# Advice on eMTB for Trail / All Mountain



## lucmiranda (Jun 12, 2020)

Hi there, 
I am looking to get into the eMTB arena, and will appreciate to hear thought about the bikes out there. I will basically use to ride cross country, single track, technical terrain and get a little excited on descents, but no major drops or jumps. I am looking for a bike that will be comfortable and nimble, fun and agile. Thinking about Cannondale Cujo Neo 130 or Trek Powerfly FS5, any thought on those or other suggestions? Thanks!


----------



## sopranos1342 (Jun 8, 2020)

Not sure the cost on those or your budget but I would check out the Giant Trance E+ series. Seems like good value for quality components as well as the Yamaha system.


----------



## Jack7782 (Jan 1, 2009)

sopranos1342 said:


> Not sure the cost on those or your budget but I would check out the Giant Trance E+ series. Seems like good value for quality components as well as the Yamaha system.

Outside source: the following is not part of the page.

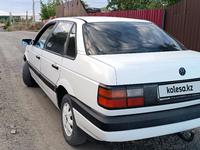 Volkswagen Passat 1993 годаfor1 300 000 тг. в Караганда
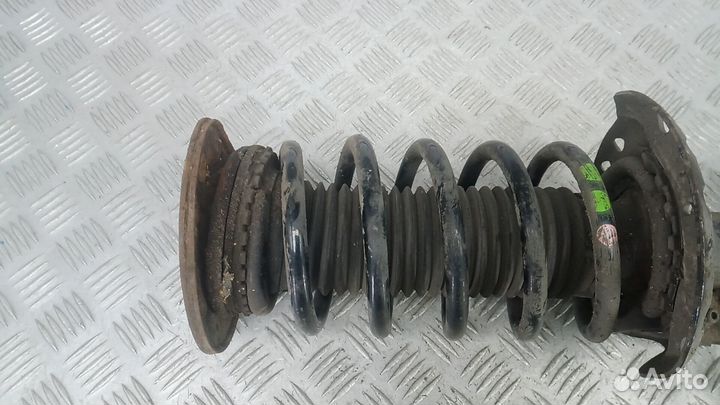 Стойка передняя правая volvo S60 2 2010-2017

If you consider Yamaha, you should check out Haibike, not a "name brand" in the USA but they should be.


----------



## Flyer (Jan 25, 2004)

I would look for a relatively short wheelbase if you have carvy twisty trails and want a relatively nimble bike. Short chainstays help with that. The two that come to mind are the Santa Cruz Heckler and the Pivot Shuttle. I have the latter. It is insane fun. I have tons of steep twisty trails and carvy forested trails I ride...it is perfect. My other bike is a Yeti 4.5 which is also great on those same trails but sometimes I have to pick lines on the really rocky fast twisty downhills. I always compare the wheelbase and the chainstays, and for climbing, I prefer the mini link suspensions.


----------